Polling Bandwidth as an Aggregate

Has anyone had to aggregate bandwidth data from multiple interfaces
for billing. For example I'd like to poll with an open source tool
and aggregate data from multiple interfaces connected to the same
customer or multiple customers for the purpose of billing and capacity
management. Is there an easy way to do this with cacti/rrd or another
open source kit?

Keegan Holley :black_small_square: Network Architect :black_small_square: SunGard Availability Services :black_small_square:
401 North Broad St. Philadelphia, PA 19108 :black_small_square: (215) 446-1242 :black_small_square:

keegan.holley@sungard.com Keeping People and Information Connected® :black_small_square:
http://www.availability.sungard.com/
Think before you print

CONFIDENTIALITY: This e-mail (including any attachments) may contain
confidential, proprietary and privileged information, and unauthorized
disclosure or use is prohibited. If you received this e-mail in
error, please notify the sender and delete this e-mail from your
system.

Hi Keegan,

Has anyone had to aggregate bandwidth data from multiple interfaces
for billing. For example I'd like to poll with an open source tool
and aggregate data from multiple interfaces connected to the same
customer or multiple customers for the purpose of billing and capacity
management. Is there an easy way to do this with cacti/rrd or another
open source kit?

With the rrdtool backend, you can certainly define and add multiple
sources from different files together. Using 'AREA' first and
subsequently 'STACK' to view multiple data sources is particularly
nice for visualization.

Otherwise, the RRDs and Statistics::Descriptive libraries in Perl can
probably go a long way towards what you might be wanting for reporting.

Dale

Except Cacti/RRDTOOL is really just a great visualization tool, while you
can build stacks, it is not something that accurately meters data for
billing purposes. The right kind of tool to use would be a netflow or
network tap-based billing tool, that actually meters/samples specific
datapoints at a specific interval and applies the billing business logic
for reporting based on sampled data points, instead of smoothed averages
of approximations.

RRDTOOL is clearly not designed to accurately report on information for
billing. To a great extent, RRDTOOL aggregates, averages, interpolates,
smooths what it reports.
http://oss.oetiker.ch/rrdtool/tut/rrdtutorial.en.html
See "Data Resampling"

Aggregation could be mitigated by including a large number of data rows at
step=1 while creating the RRD file, eg for 5 minute polling
1440*(ndays) data rows; (enough rows to include the whole bill period +
some number of days without aggregating), but not the rest of the issues
with RRD, and including so many rows greatly increases .rrd file size.
I would look at Torrus or RTG before RRDTOOL for that, but even then...

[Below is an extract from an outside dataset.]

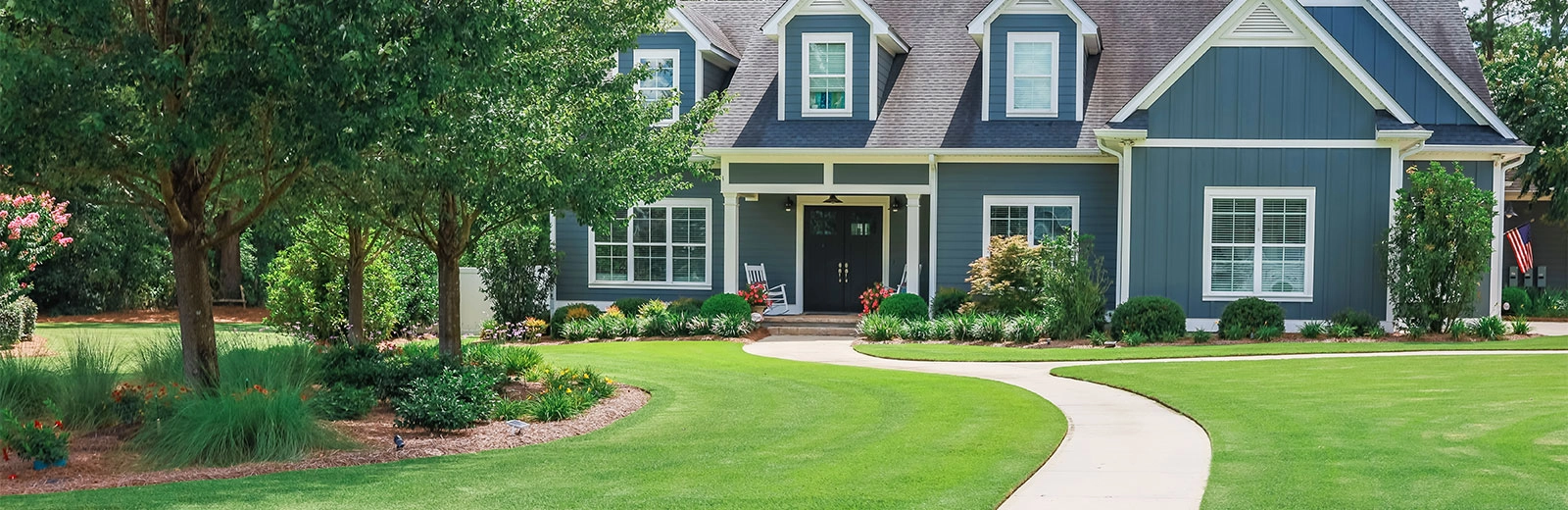Late Fall Lawn Maintenance Tips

If data is not gathered using a mechanism that communicates timestamp to
the poller, datapoints will still be imprecise, SNMP would be an example
-- the cacti application may assume the SNMP response is current data, but
possibly on the actual hardware, the internal MIB on the device was
actually updated 10 seconds ago, which means there will be small spikes
in traffic rate graphs that do not represent actual spikes in traffic.

RTG uses MySQL for it's backend, so you can basically setup queries however you like and you can use RTGPOLL to graph multiple interfaces as well.

It's a super good tool and I think there is a group working on RTG2 at googlecode (I think).

-Drew

In a message written on Fri, Jan 20, 2012 at 12:16:14AM -0600, Jimmy Hess wrote:

Except Cacti/RRDTOOL is really just a great visualization tool, while you
can build stacks, it is not something that accurately meters data for
billing purposes. The right kind of tool to use would be a netflow or
network tap-based billing tool, that actually meters/samples specific
datapoints at a specific interval and applies the billing business logic
for reporting based on sampled data points, instead of smoothed averages
of approximations.

To suggest Netflow is more accurate than rrdtool seems rather strange
to me. It can be as accurate, but is not the way most people
deploy it.

RRDTool pulls the SNMP counters from an interface and records them to a
file. With no aggregation, and assuming your device has accurate SNMP,
this should be 100% accurate. While you are right that the defaults for
RRDTOOL aggregate data (after a day, week, and month, approximately)
those aggregates can be disabled keeping the raw data. I know several
ISP's that keep the raw data and use it for billing using these tools.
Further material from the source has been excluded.